Rafael Pharmaceuticals Announces APOLLO613 Phase I/II Clinical Trial of CPI-613® (devimistat) in Combination with Hydroxychloroquine in Patients with Relapsed Clear Cell Sarcoma Begins Enrollment at City of Hope in Duarte, Calif.

Rhea-AI Summary

Rafael Pharmaceuticals announces the start of its Phase 1 clinical trial involving CPI-613® (devimistat) combined with hydroxychloroquine for patients with clear cell sarcoma, a rare and aggressive cancer. Enrollment will begin at City of Hope, California, with additional sites to follow. The trial aims to address significant unmet medical needs in this challenging sarcoma type. CPI-613® targets mitochondrial functions in cancer cells, potentially improving treatment efficacy with reduced side effects. The FDA has also designated devimistat as an orphan drug for several cancers, signaling strong research support.

Positive

• Phase 1 trial for CPI-613® (devimistat) is now open for enrollment, potentially providing new treatment options for patients with clear cell sarcoma.
• Devimistat targets mitochondrial metabolism, increasing effectiveness of existing chemotherapies while minimizing side effects.
• The drug has received orphan drug status from the FDA for multiple cancer types, enhancing its development potential.

Negative

• None.

CRANBURY, N.J., Sept. 27, 2021 (GLOBE NEWSWIRE) -- Rafael Pharmaceuticals, Inc. (“Rafael” or the “Company”), a leader in the growing field of cancer metabolism-based therapeutics, announced that the Phase 1 clinical trial of CPI-613® (devimistat) in combination with hydroxychloroquine in patients with clear cell sarcoma is open for enrollment. The clinical trial will begin enrolling patients at City of Hope in Duarte, California, with other sites across the country to quickly follow.

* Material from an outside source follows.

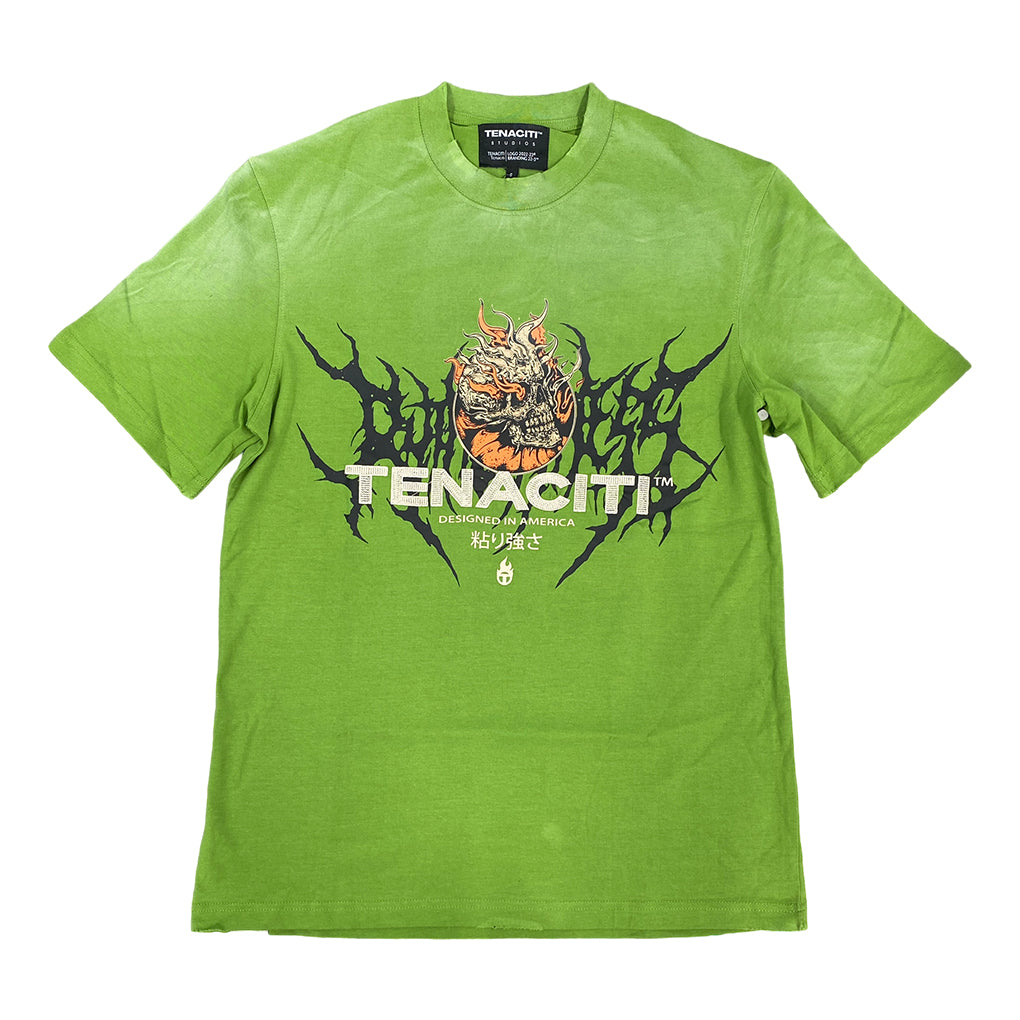 Tenaciti Flames Tee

“Clear cell sarcoma is truly one of the most challenging sarcomas to treat, as it often spreads quickly to other parts of the body and prognosis is generally poor,” said Sanjeev Luther, President and CEO of Rafael Pharmaceuticals. “The opening of this trial at City of Hope and several other sites across the country has the potential to grant a population with significant unmet medical needs a promising new treatment option.”

“We are optimistic that this trial will provide a potential path forward for individuals suffering from clear cell sarcoma, one of the rarest diseases in the world,” said Mark Agulnik M.D., principal investigator from City of Hope.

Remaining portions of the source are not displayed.